Blog Sommelier Alfred Voigt über die Hysterie um das Weingut Keller aus Flörsheim-Dalsheim
von Alfred Voigt
Lang
ist es her... die Zeiten in denen im Restaurant deutscher Wein pikiert abgelehnt
wurde:
„Nein, das trinken wir nicht“
„Sie wollen uns doch nicht etwa deutschen Wein anbieten!“
Allein die Franken hatten auch
in den 80er Jahren die Fahne des trockenen Weins hochgehalten, ansonsten war
die Qualität darnieder und die Geschmacksrichtung pappig süß. Ab Mitte der 80er
Jahre kamen dann die zaghaften, aber engagierten Versuche vieler Qualitätswinzer
in Deutschland eine trockene Spätlese von Riesling, Weißburgunder und Co zu
etablieren.
Nun die Bezeichnung Spätlese
trocken war von Beginn an zum Scheitern verurteilt – kaum ein Gast glaubte uns,
das Spätlesen auch trocken sein können. Wir Sommeliers predigten das den
Winzern immer wieder und verwiesen auf die Qualitätspyramide des Burgund. Da
waren zwar auch nicht alle Weine gut, aber das System war klar gegliedert,
selbst wenn die meisten Weinfreunde bei dem Lagenwirrwahr dort kapituliert
haben.
Das mag auch ein Anreiz dafür
gewesen sein, dass sich Pfälzer Winzer wie Christmann, Mosbacher, Bürklin-Wolf
und andere Mitte der 90er Jahre zu konspirativen Treffen versammelten, um das
heutige System des GG im VDP zu erörtern und einzuführen. Herrn von Guradzes (damals der Ehemann von
Bettina von Guradze / Bürklin-Wolf) erklärtes Ziel war es damals, dass sein
Riesling aus dem Kirchenstück in Zukunft 50 DM kosten soll – trockene Spätlesen
kosteten damals gute 10 DM für die Gastronomie, also ein ungeheurer Preissprung!
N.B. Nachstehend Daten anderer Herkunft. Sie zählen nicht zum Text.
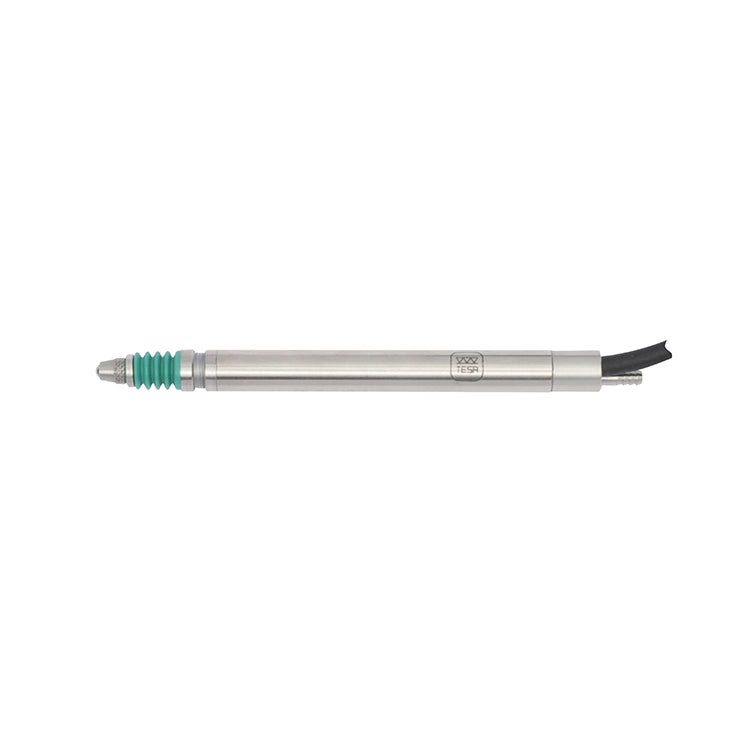 TESA 03230072 GTL211 Probe Linearized ± 2mm 0.63N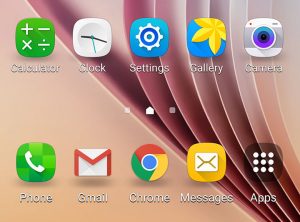 android-homescreen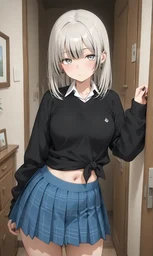 739b620c3812acdda304.webp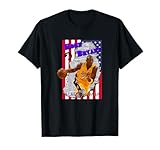 Kobe Bryant_701 Camiseta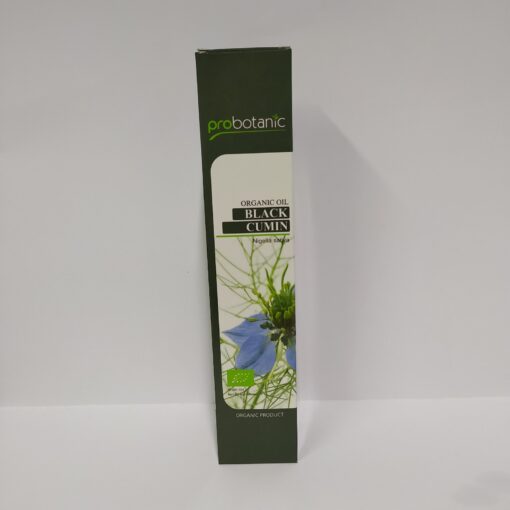 Probotanic ulje crnog kumina 250ml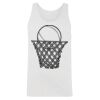 Men's Tank Top Thumbnail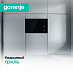 Купить Встраиваемая микроволновая печь Gorenje BM235G1SYB  preview 4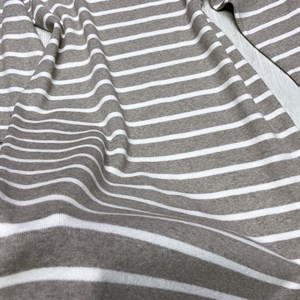 Мы одеваем Вас с любовью   Made in Italy Рынок Дордой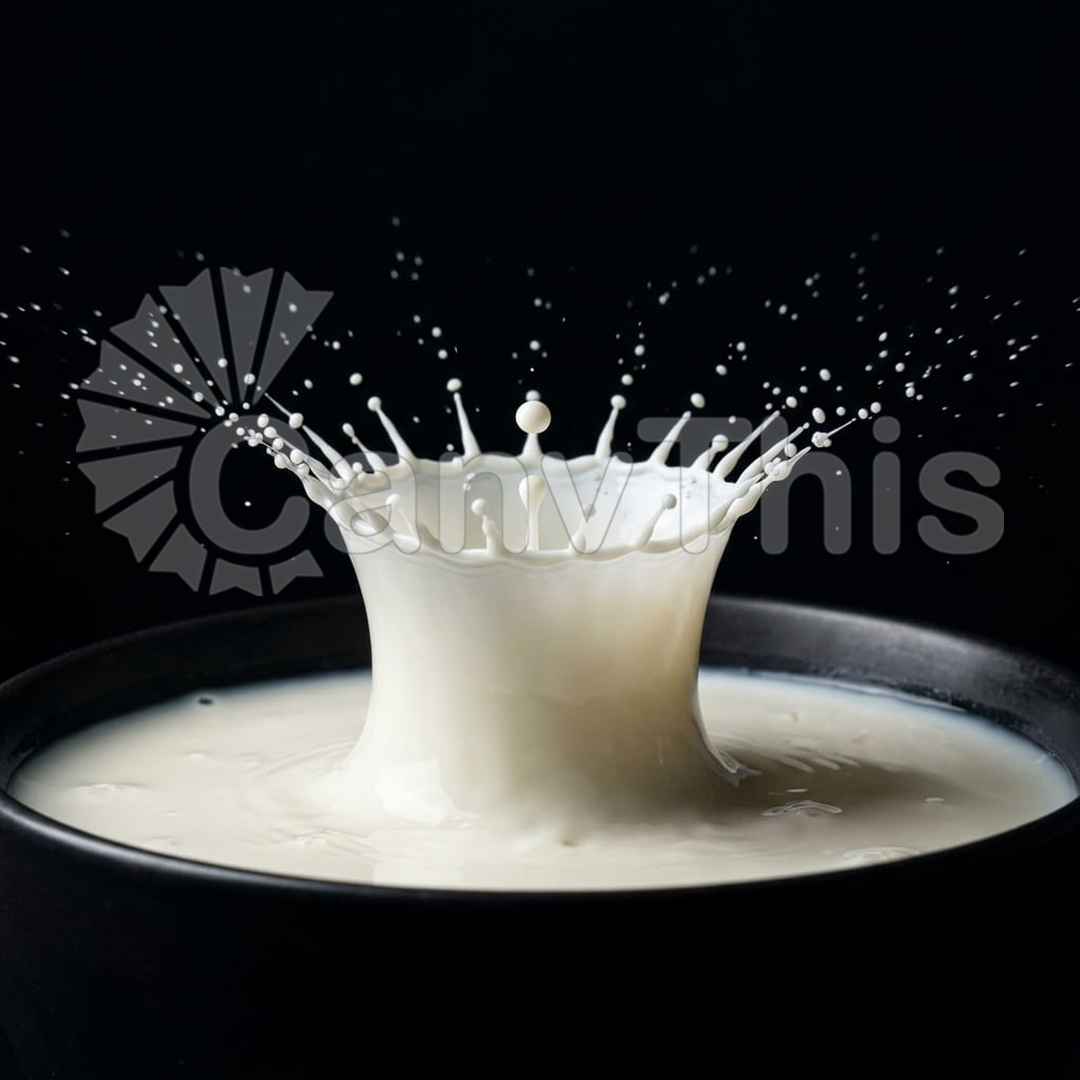 99_Milk Crown Moment — High Speed Dairy Splash_watermarked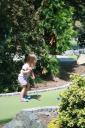 img_5967_day4_2012_163.jpg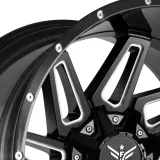 felgi-force-off-road-5x127-r20x10j-stan-nowy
Das waren umgerechnet 26€ - diese Marke ist heute längst überschritten und das System von Erste
Lage / GG / Gutswein und Ortswein weitgehend
etabliert, auch wenn sich viele Winzer lange dagegen gewehrt haben und
auch einige deswegen aus dem VDP ausgetreten sind. Man mag zu diesem System
stehen wie man will, der Aufbau ist logisch und verständlich.
Natürlich haben
es manche historisch gewachsene Geschmacksrichtungen, oder neue Rebsorten
schwer, sich in das System einzugliedern, aber perfekte Systeme gibt es auch in
Frankreich nicht. Die Qualität hat sich
natürlich mit den Jahren deutlich gesteigert, das merkt man besonders auch im
Ausland, das ja inzwischen gesteigertes
Interesse an trockenen deutschen Weinen zeigt. Nur die Preise sind mir inzwischen
manchmal zu hoch, da ich der Meinung bin, dass sich gemäß der französischen
Lebensweise jeder Weinfreund am Sonntag ein GG leisten können sollte.
Trotzdem habe ich natürlich grundsätzlich nichts dagegen, das
trockene deutsche Rieslinge einen gewissen Kultstatus haben sollten, doch was
sich mit den Weinen des Weingutes Keller in Flörsheim-Dalsheim derzeit
abspielt, ist wohl jenseits jeglicher Erklärungsversuche.
Um Missverständnissen gleich
vorzubeugen: ich habe nichts gegen das Weingut Keller, die Qualität ist
unbestritten und die Kellers verdienen wahrscheinlich am wenigsten von diesem
Hype. Ich selbst habe in meiner Restaurantzeit dort Wein gekauft – und das zu
höchst fairen Konditionen.
Ich kann aber dieses
Alleinstellungsmerkmal Keller – das absolut Beste in keiner Weise
nachvollziehen!
Verdammt
noch mal, andere Winzer/innen haben auch schöne Töchter, sprich Weine.
Frauenberg von Battenfeld-Spanier, Mandelgarten von Christmann, Fährfels von
Clüsserath-Weiler, Brunnenhäuschen von Wittmann, Doosberg von Kühn,
Kirchenstück von Künstler, Kastanienbusch von Wehrheim, Prälat Reserve von
Ernie Loosen, Rothenberg von Kühling-Gillot, Eigenart von Max Müller I,
Ungeheuer von Mosbacher, Mandelpfad von Knipser usw.usw.
Ganz viele tolle Weine, habt doch Mut, auch diese zu Kultweinen zu machen und
stürzt Euch doch nicht wie die Lemminge alle auf ein Weingut!